A core message is that IEM should always be considered in full-term neonates who develop sepsis-like symptoms without risk factors or infection evidence. Prof. Gizewska explains how neonatal metabolic crises can be mistaken for more common conditions like sepsis, respiratory distress, or birth trauma. Key red flags include sudden deterioration after a symptom-free period, abnormal laboratory findings (e.g. metabolic acidosis, hyperammonemia, or hypoglycemia), and peculiar signs such as strange odors, cataracts, or hepatomegaly.

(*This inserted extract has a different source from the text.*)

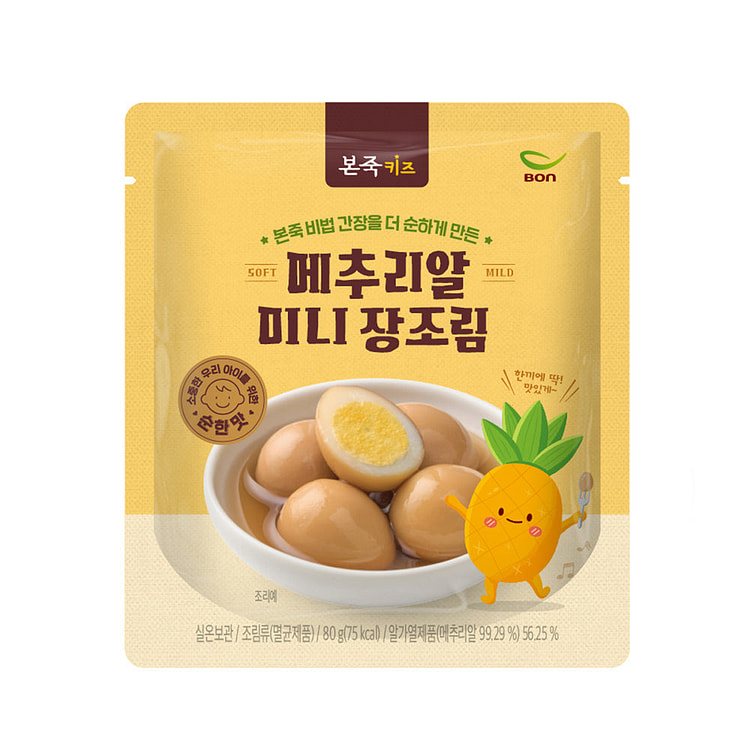 본죽키즈 메추리알 미니 장조림 80g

She categorizes IEMs into groups, particularly highlighting those that cause metabolic intoxication—such as organic acidurias, urea cycle defects, and galactosemia. These can trigger acute symptoms soon after birth due to toxic metabolite accumulation once placental clearance ends. Neurological signs such as poor feeding, altered tone, seizures, and respiratory instability are common initial presentations.
Diagnostic strategies include expanded newborn screening using tandem mass spectrometry (MS/MS), which can detect over 20 IEMs in asymptomatic infants. Where this is unavailable or delayed, clinicians should rely on selective screening: blood gases, ammonia, lactate, glucose, liver enzymes, and urine organic acids. Storing blood, urine, and CSF samples early can support further testing if needed.
Prof. Gizewska emphasizes that early diagnosis not only saves lives but also supports informed reproductive decisions in affected families. She urges pediatricians to place IEM high on the differential diagnosis list for any sick neonate and to act rapidly when suspicion arises—because many IEMs are treatable if caught early.